[Supplied data — start]
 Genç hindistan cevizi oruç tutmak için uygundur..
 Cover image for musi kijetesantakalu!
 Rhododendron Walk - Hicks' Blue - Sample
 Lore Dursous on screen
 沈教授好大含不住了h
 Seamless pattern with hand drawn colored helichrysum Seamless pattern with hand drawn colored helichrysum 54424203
[Supplied data — finish]
[Supplied data — start]
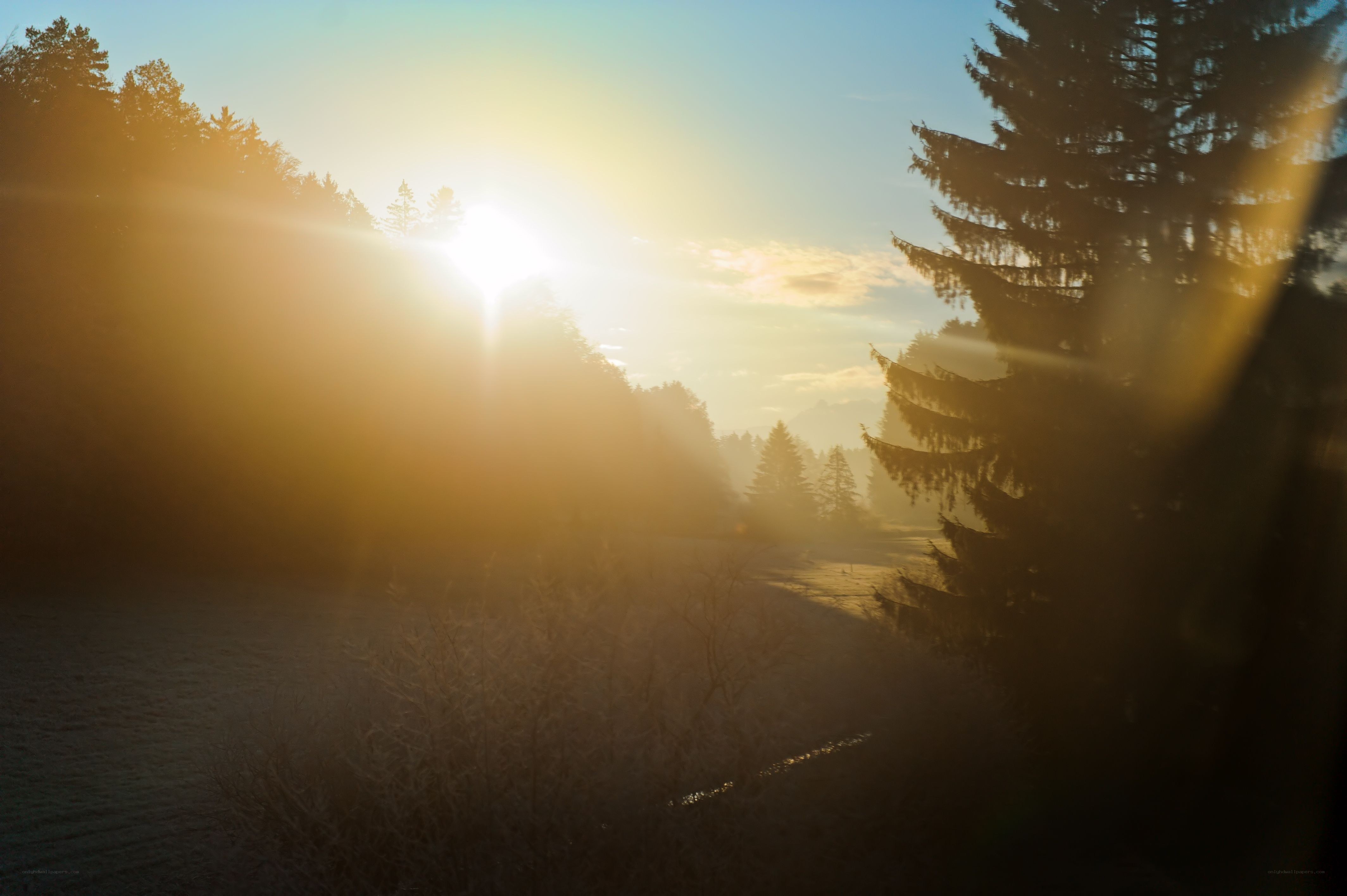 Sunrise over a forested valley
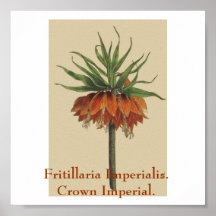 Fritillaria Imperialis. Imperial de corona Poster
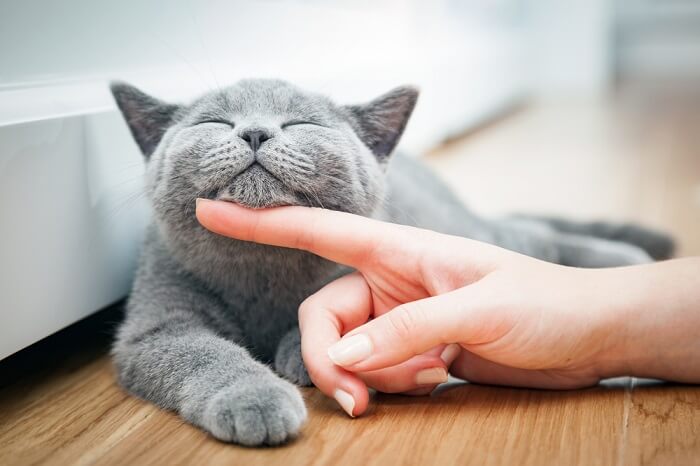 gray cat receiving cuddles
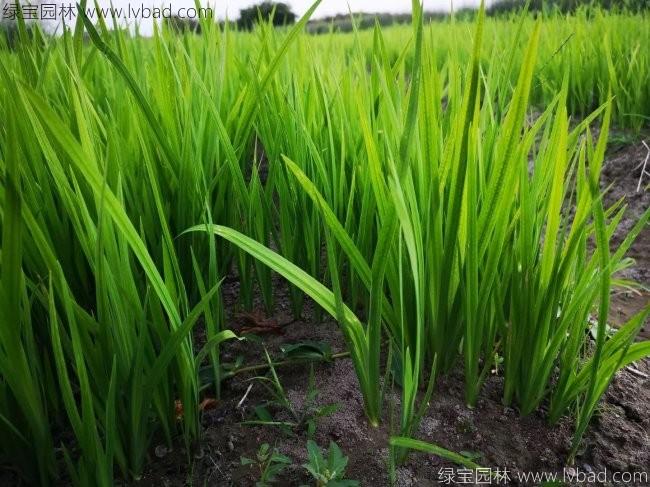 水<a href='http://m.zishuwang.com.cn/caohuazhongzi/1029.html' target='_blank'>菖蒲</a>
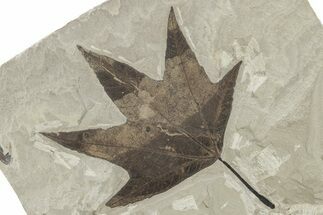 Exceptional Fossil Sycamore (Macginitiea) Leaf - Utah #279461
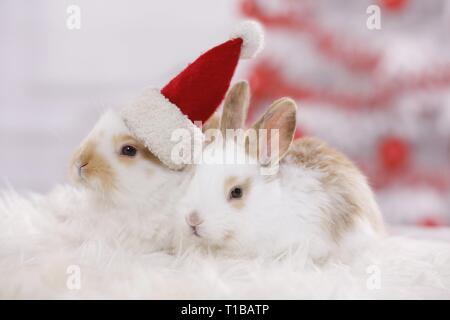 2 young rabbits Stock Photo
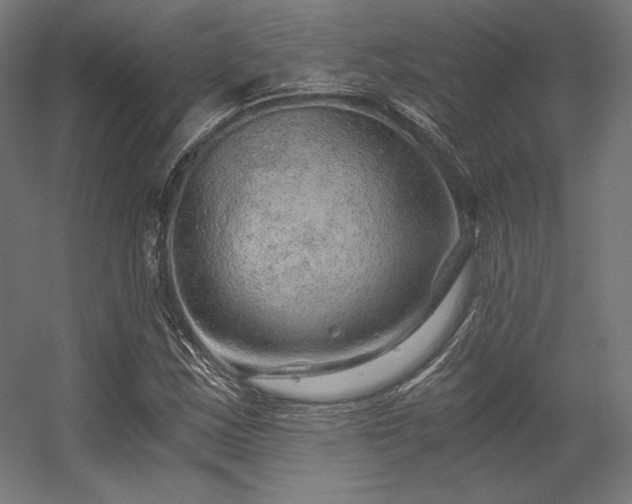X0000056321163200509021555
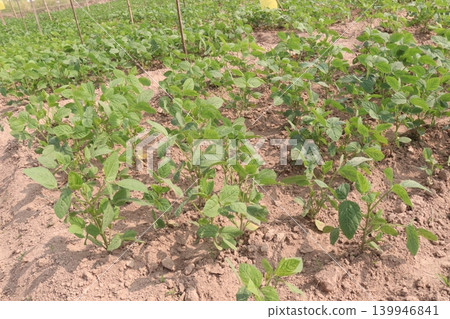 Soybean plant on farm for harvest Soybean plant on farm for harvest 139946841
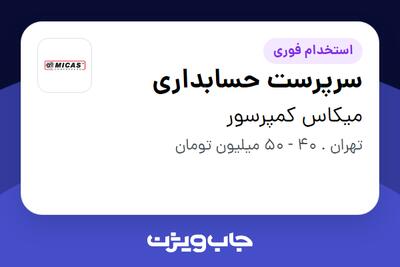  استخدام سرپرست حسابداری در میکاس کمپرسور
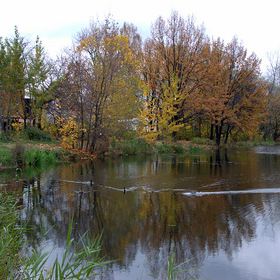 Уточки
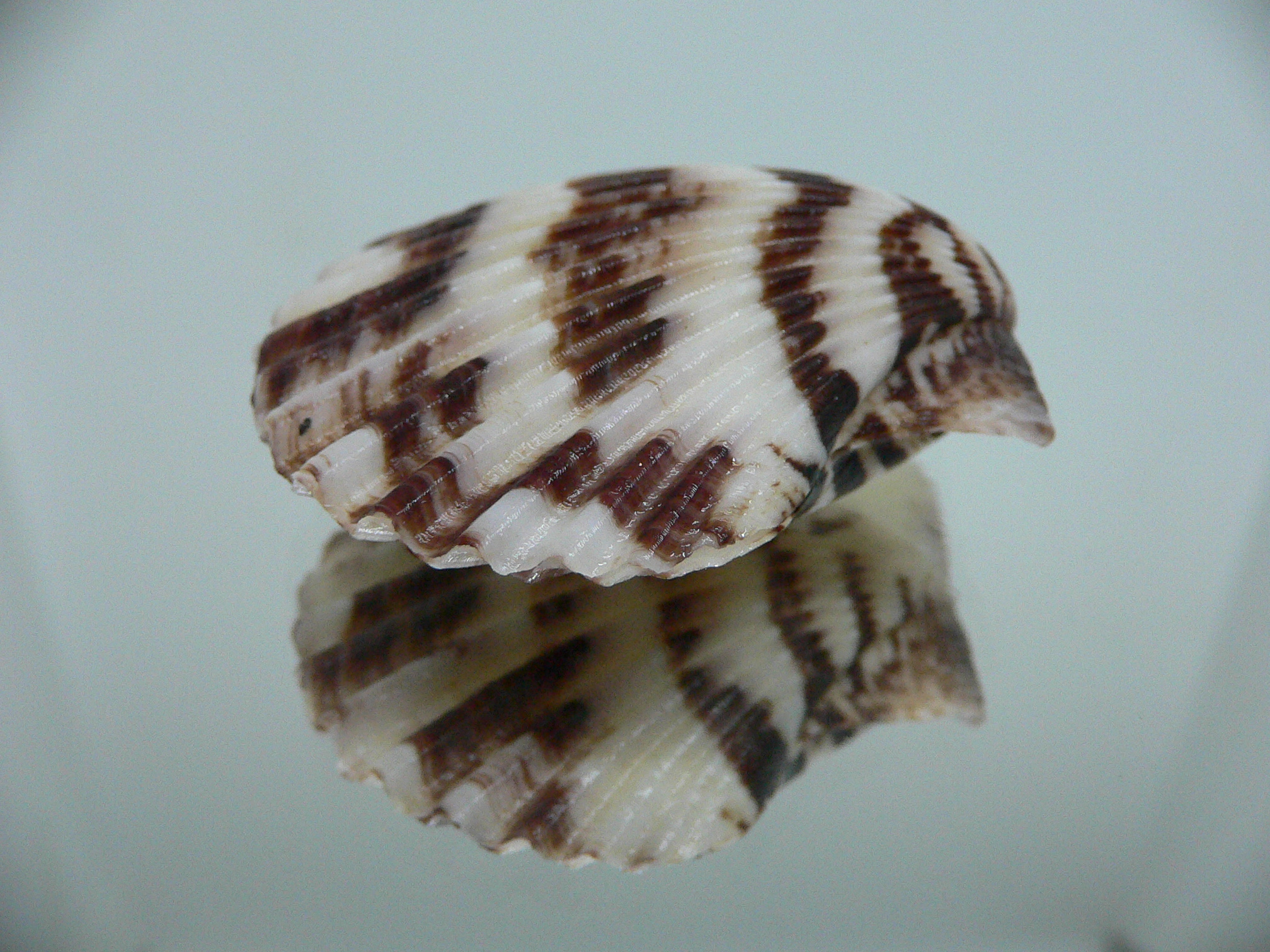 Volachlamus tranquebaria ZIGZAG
[Supplied data — finish]
Beginning with the line that has "Cover image for musi kijetesantakalu!" and ending with the line that has "Seamless pattern with hand drawn colored helichrysum Seamless", set down the lines above exactly and include no others.

 Cover image for musi kijetesantakalu!
 Rhododendron Walk - Hicks' Blue - Sample
 Lore Dursous on screen
 沈教授好大含不住了h
 Seamless pattern with hand drawn colored helichrysum Seamless pattern with hand drawn colored helichrysum 54424203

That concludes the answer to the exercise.